When you have enough cash value, you can use it to cover premium payments. This is referred to as “paid up.” The great majority of life insurance firms are happy to accommodate your request—all you have to do is ask. You might save $2,000 or more on premiums each year if you use this strategy.

Strategy 3: Get a Loan


If your insurance has a significant monetary value, you may choose to borrow against it. Life insurance firms frequently provide these cash-value loans at cheaper interest rates than a regular bank loan.

Of course, because you’re borrowing your own money, you’re not bound to repay the loan. It is crucial to know, however, that any money borrowed, plus interest, will be removed from your death benefit when you die.

Plan 4: Make a Withdrawal


If you’re running low on funds or just want to make a major purchase, you can withdraw some or all of your cash. Depending on your policy and the quantity of your cash value, such a withdrawal might reduce or even eliminate your death benefit.

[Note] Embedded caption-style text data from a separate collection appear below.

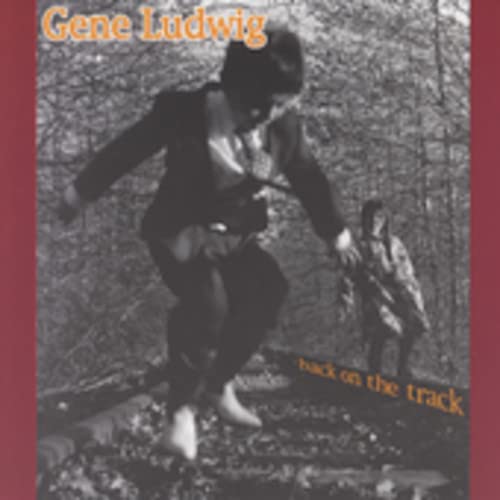 Gene Ludwig - Back On The Track [CD]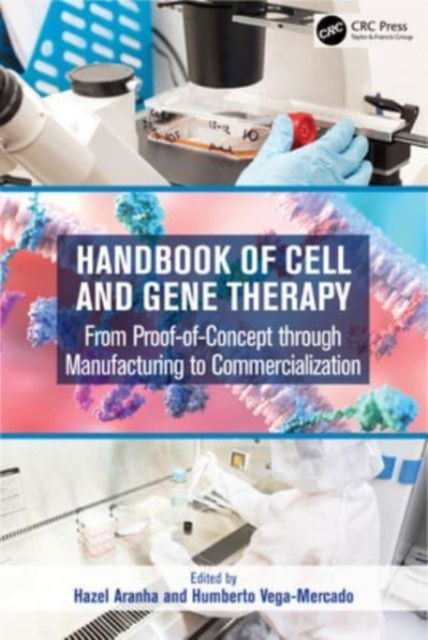 Handbook of Cell and Gene Therapy: From Proof-of-Concept through Manufacturing to Commercialization (Paperback Book) (2024)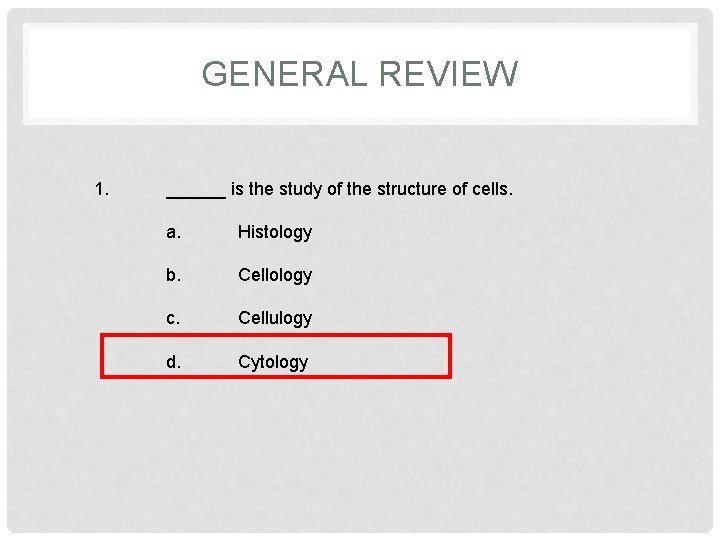 GENERAL REVIEW 1. ______ is the study of the structure of cells. a. Histology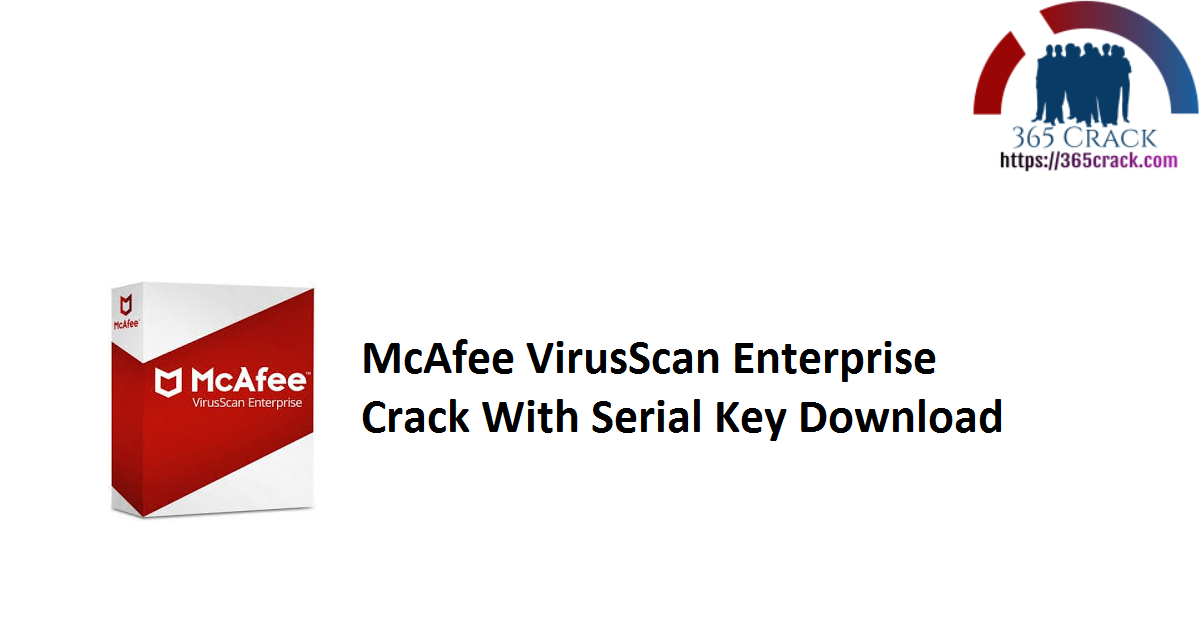 McAfee VirusScan Enterprise Crack With Serial Key Download
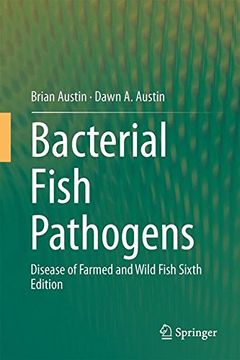 portada Bacterial Fish Pathogens: Disease of Farmed and Wild Fish Sixth Edition (in English)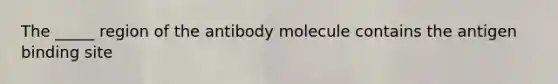 The _____ region of the antibody molecule contains the antigen binding site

While some plans diminish the death benefit dollar for dollar with each withdrawal, others (such as certain conventional whole life policies) reduce the death benefit by an amount more than what you remove. Before making any drastic actions, consult with your insurance agent about this strategy.

Strategy 5: Increase the Size of Your Investment Portfolio


Cash-value life insurance plans have grown in popularity in recent years among investors wishing to enhance their retirement income. If you have a strong cash value, you may use it as an asset in your retirement portfolio in a variety of ways.

. These assets are frequently guaranteed to grow tax-free for many years, which can significantly increase your nest egg.

Most consultants recommend that policyholders wait for at least 10 to 15 years before withdrawing cash value for retirement income. Consult with your life insurance agent or financial counselor to see whether this strategy is appropriate for your situation.

Strategy 6: Complete Surrender


Of course, you may always surrender your coverage and obtain the accrued cash value. Many issues must be considered before following this path. First and foremost, when you surrender a life insurance policy, you forfeit the death benefit, which means your heirs will get nothing from the policy when you die. Most of the time, 

Surrender costs will also be imposed, which might significantly lower your cash worth.

Furthermore, the cash you get as a result of the surrender is taxed. If you have an outstanding loan balance on the policy, you may be subject to additional taxes.

In conclusion


Allow the cash worth of a permanent life insurance policy to build before selecting how to spend it. Also, be certain that the cash value is drained and redeployed later in life so that it does not wind up with the insurance after your death.